**What to do:** Print the records below exactly, with no pictures.

**Record excerpts:**
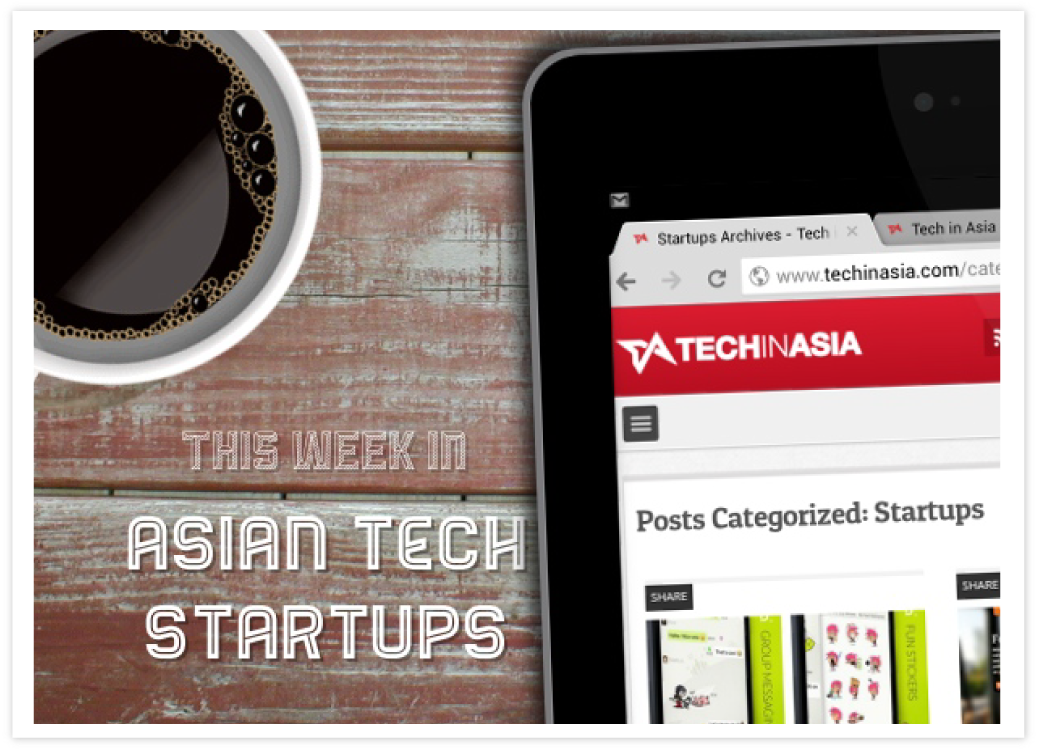 17 Startups in Asia that Caught Our Eye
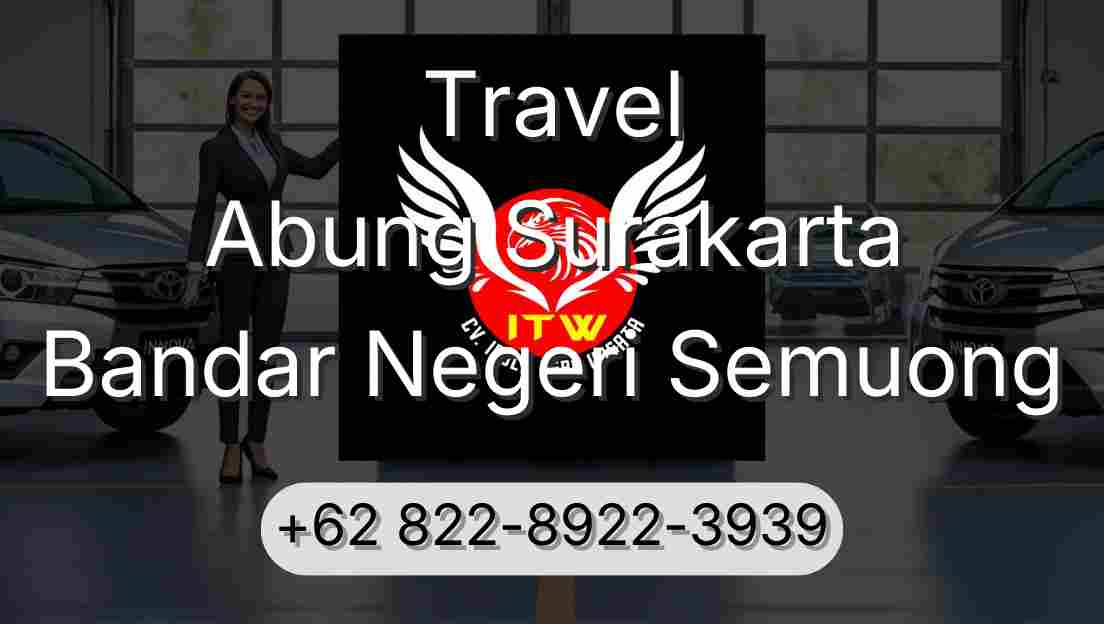 Travel Abung Surakarta Bandar Negeri Semuong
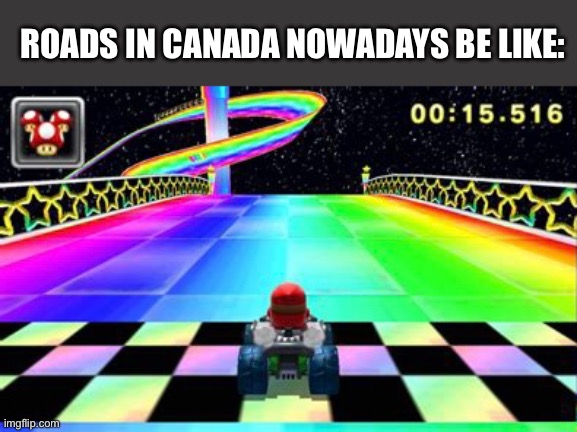 ROADS IN CANADA NOWADAYS BE LIKE: | made w/ Imgflip meme maker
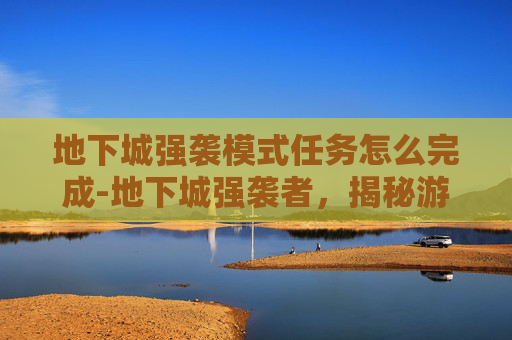 地下城强袭模式任务怎么完成-地下城强袭者,揭秘游戏中的终极战士 地下城强袭模式任务怎么完成-地下城强袭者,揭秘游戏中的终极战士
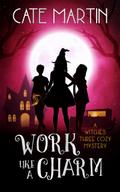 Work Like a Charm (The Witches Three Cozy Mystery Series, #2)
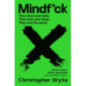 Mindf*ck : Inside Cambridge Analytica’s Plot to Break the World Mindf*ck : Inside Cambridge Analytica’s Plot to Break the World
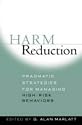Harm Reduction: Pragmatic Strategies for Managing High-risk Behaviours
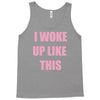 i woke up like this Tank Top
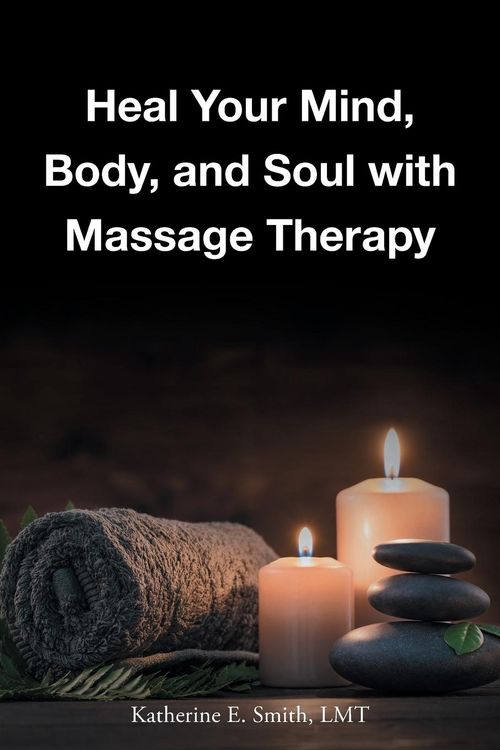Produktbild: Heal Your Mind, Body, and Soul with Massage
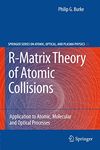 R-Matrix Theory of Atomic Collisions: Application to Atomic, Molecular and Optical Processes (Volume 61)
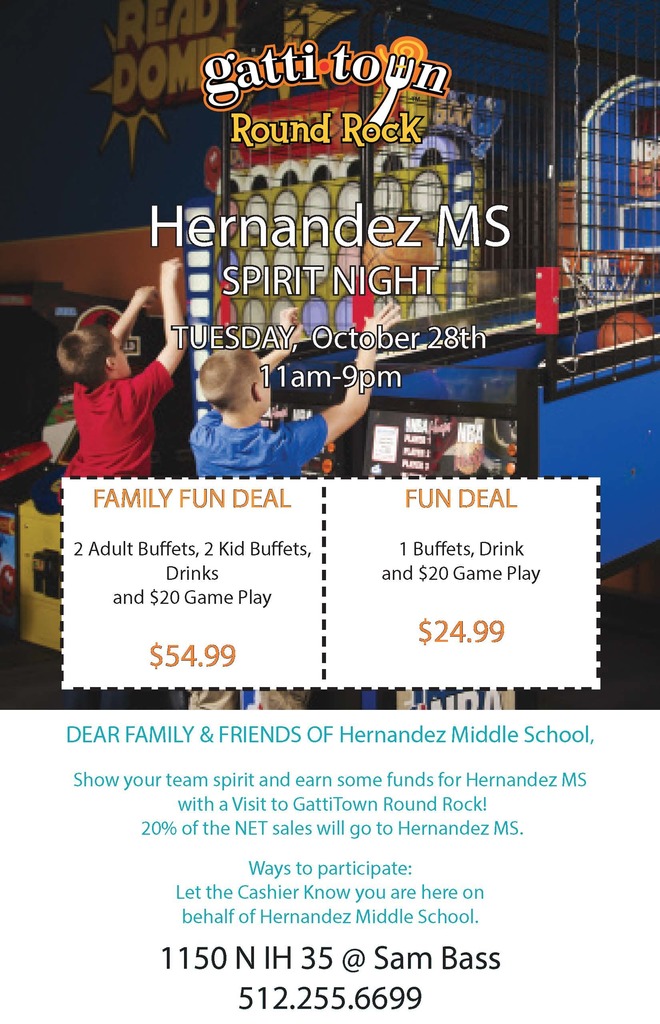 Join Us! Gatti Town Round Rock Hernandez MS Spirit Night on Tuesday October 28th 11AM- 9PM.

**Your response:**
 17 Startups in Asia that Caught Our Eye
 Travel Abung Surakarta Bandar Negeri Semuong
 ROADS IN CANADA NOWADAYS BE LIKE: | made w/ Imgflip meme maker
 地下城强袭模式任务怎么完成-地下城强袭者,揭秘游戏中的终极战士 地下城强袭模式任务怎么完成-地下城强袭者,揭秘游戏中的终极战士
 Work Like a Charm (The Witches Three Cozy Mystery Series, #2)
 Mindf*ck : Inside Cambridge Analytica’s Plot to Break the World Mindf*ck : Inside Cambridge Analytica’s Plot to Break the World
Harm Reduction: Pragmatic Strategies for Managing High-risk Behaviours
 i woke up like this Tank Top
Produktbild: Heal Your Mind, Body, and Soul with Massage
 R-Matrix Theory of Atomic Collisions: Application to Atomic, Molecular and Optical Processes (Volume 61)
 Join Us! Gatti Town Round Rock Hernandez MS Spirit Night on Tuesday October 28th 11AM- 9PM.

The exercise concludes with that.